Although the records include pictures, the copy should not; write out exactly the lines from the first through the line with "Pre-owned > Pre-owned".

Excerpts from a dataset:
++++++++++
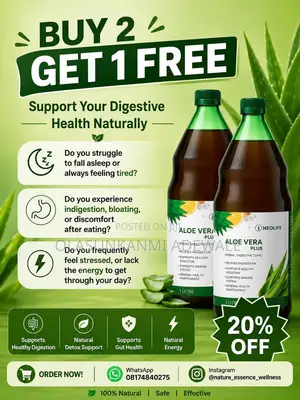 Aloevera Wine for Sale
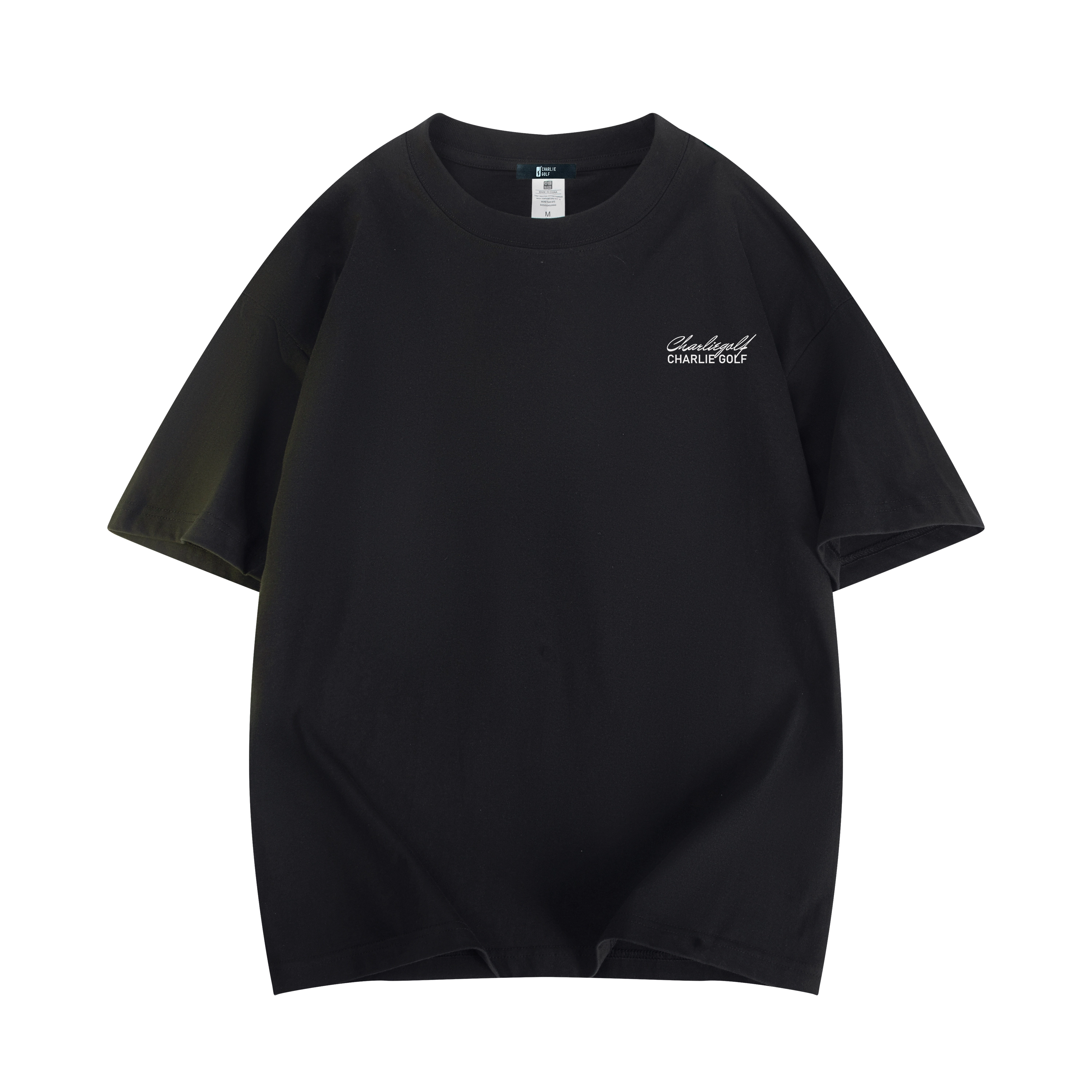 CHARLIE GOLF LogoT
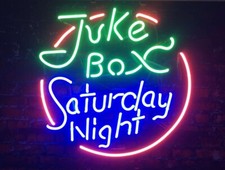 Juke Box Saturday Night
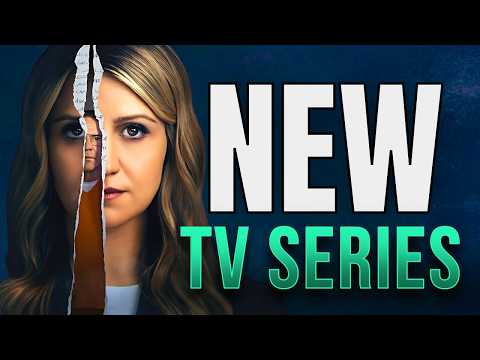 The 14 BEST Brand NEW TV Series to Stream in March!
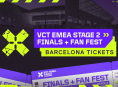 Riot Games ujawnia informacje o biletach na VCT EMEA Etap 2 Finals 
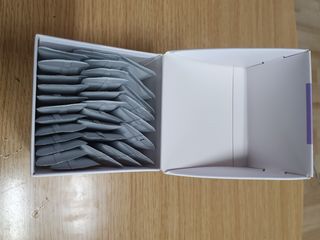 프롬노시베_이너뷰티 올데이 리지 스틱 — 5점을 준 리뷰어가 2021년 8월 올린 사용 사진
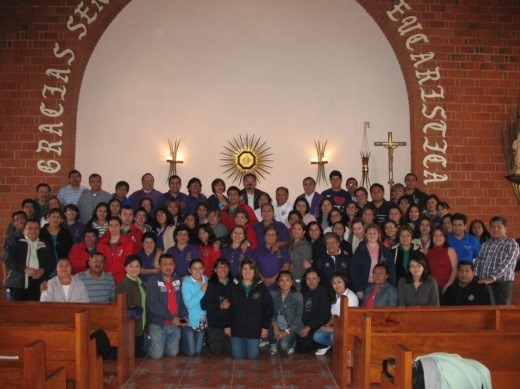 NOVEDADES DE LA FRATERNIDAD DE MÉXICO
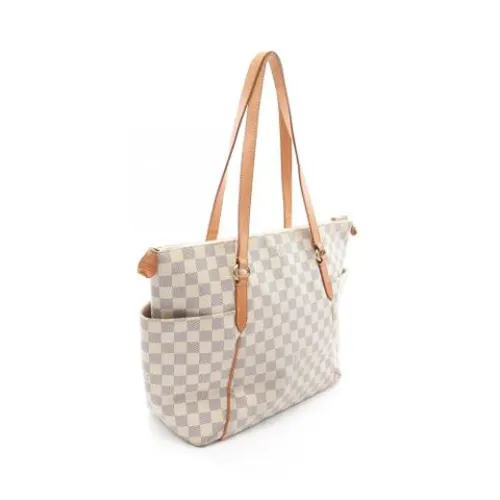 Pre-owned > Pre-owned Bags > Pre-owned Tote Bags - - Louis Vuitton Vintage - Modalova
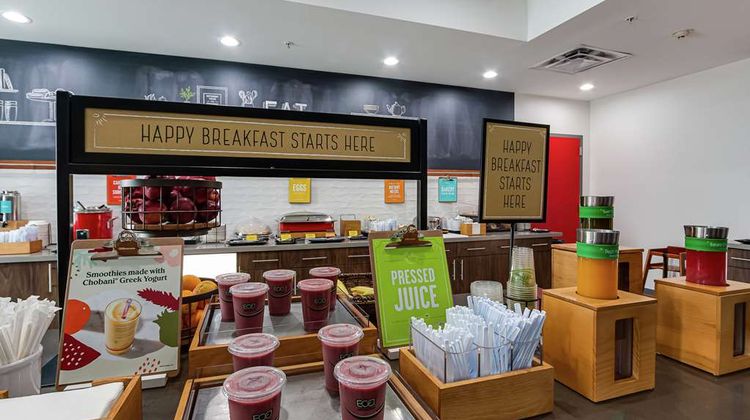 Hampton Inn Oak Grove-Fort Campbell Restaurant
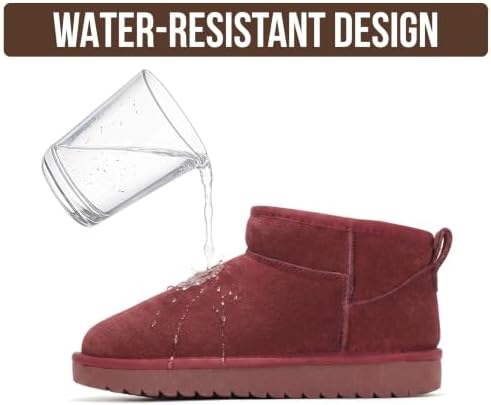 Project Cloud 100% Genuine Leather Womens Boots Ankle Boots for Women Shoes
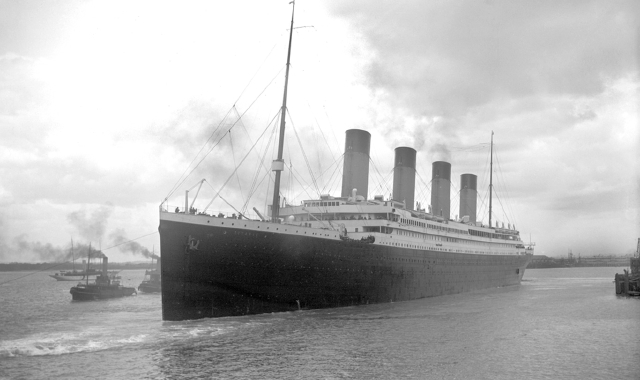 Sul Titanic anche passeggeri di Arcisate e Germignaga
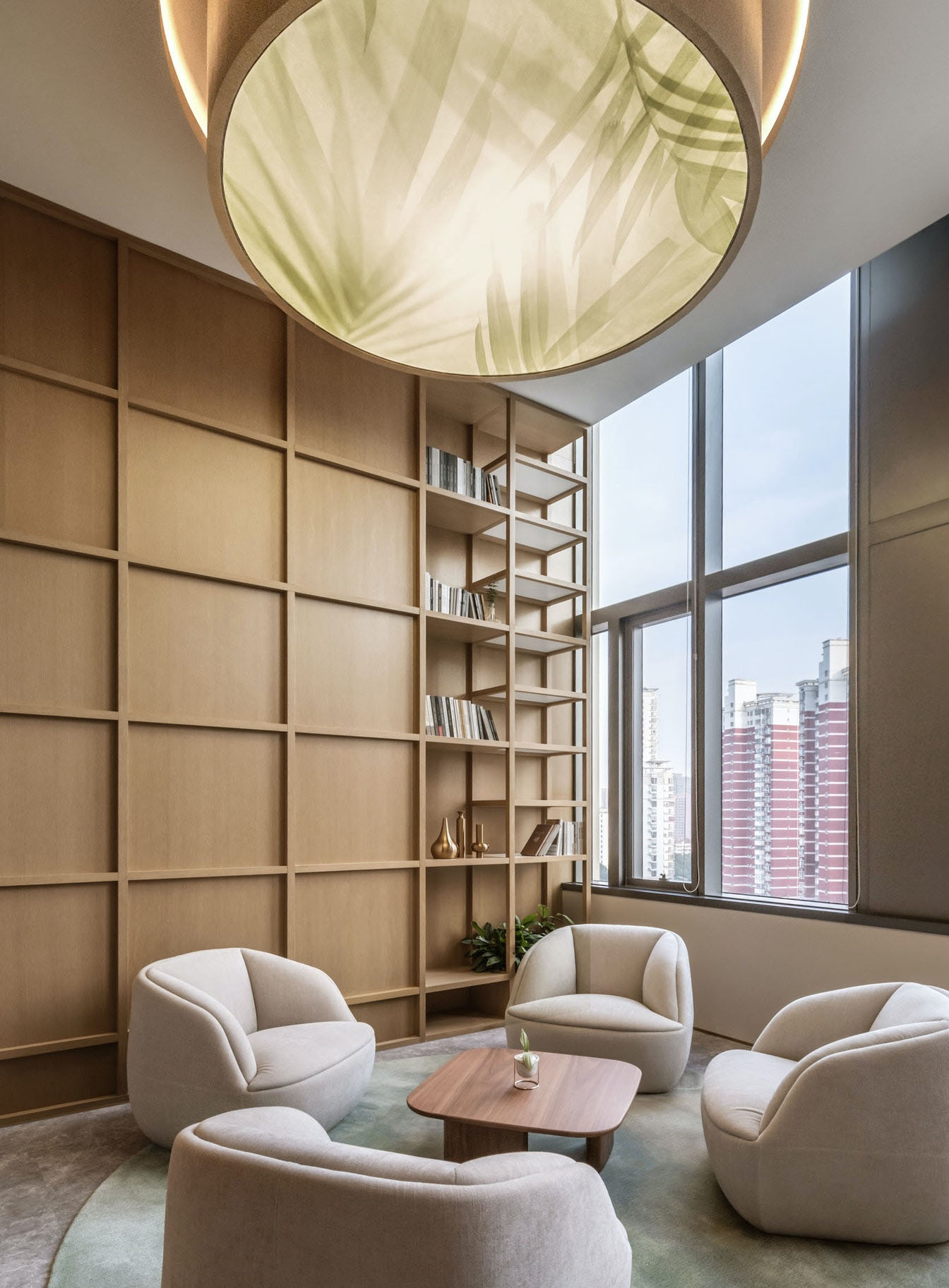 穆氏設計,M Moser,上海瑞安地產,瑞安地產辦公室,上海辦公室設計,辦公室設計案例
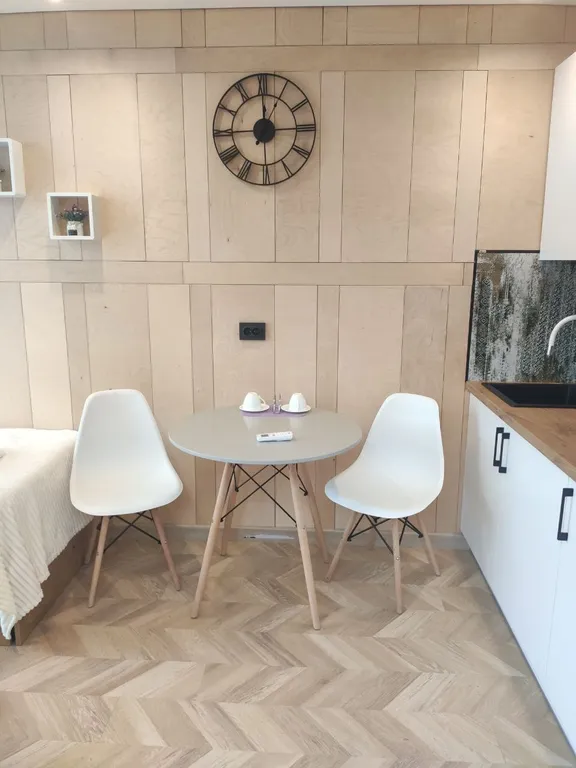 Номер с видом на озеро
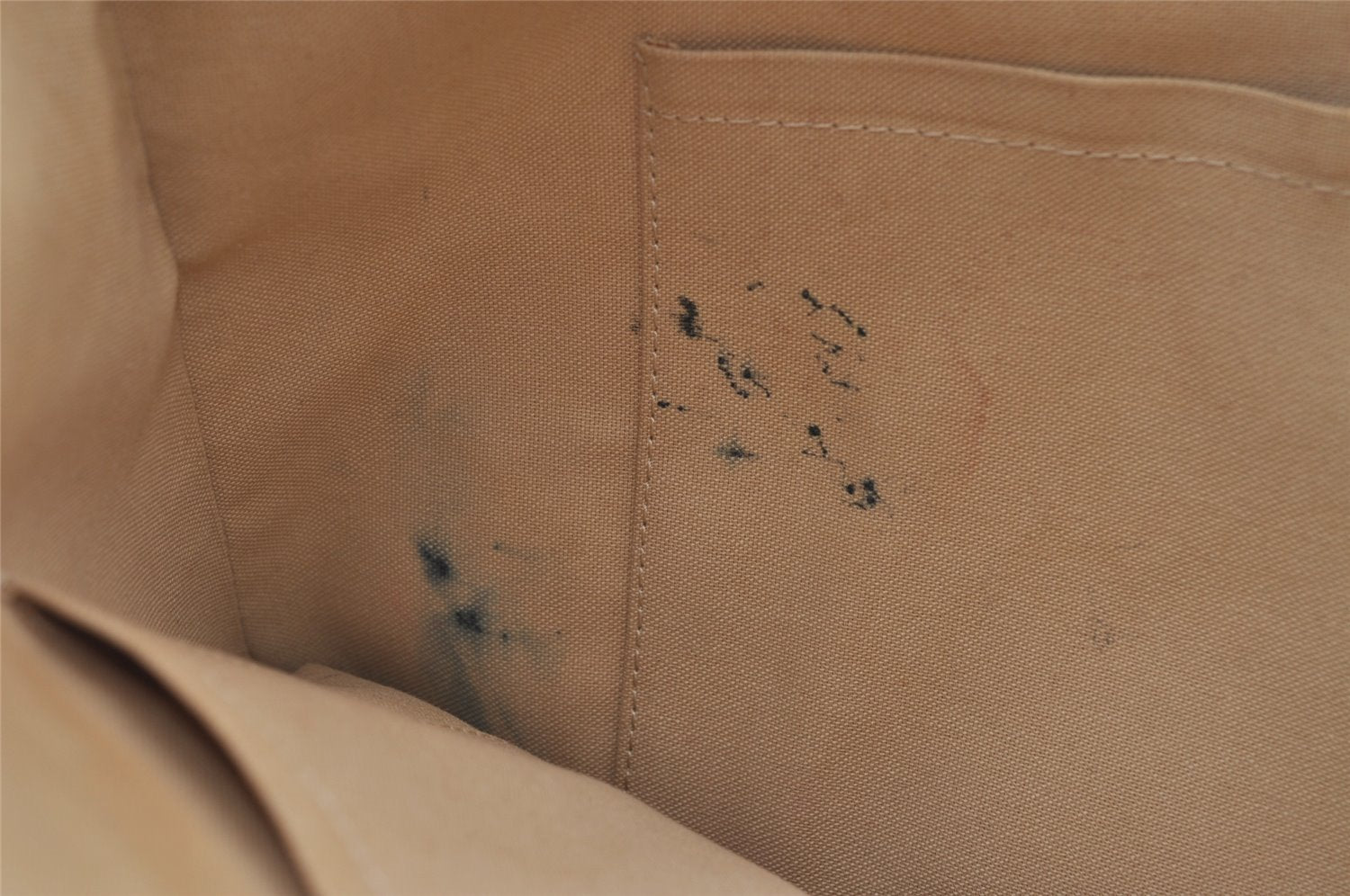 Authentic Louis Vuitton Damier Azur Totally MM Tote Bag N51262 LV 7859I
++++++++++
▸ **RESPONSE AREA**:
 Aloevera Wine for Sale
 CHARLIE GOLF LogoT
 Juke Box Saturday Night
 The 14 BEST Brand NEW TV Series to Stream in March!
 Riot Games ujawnia informacje o biletach na VCT EMEA Etap 2 Finals 
 프롬노시베_이너뷰티 올데이 리지 스틱 — 5점을 준 리뷰어가 2021년 8월 올린 사용 사진
 NOVEDADES DE LA FRATERNIDAD DE MÉXICO
 Pre-owned > Pre-owned Bags > Pre-owned Tote Bags - - Louis Vuitton Vintage - Modalova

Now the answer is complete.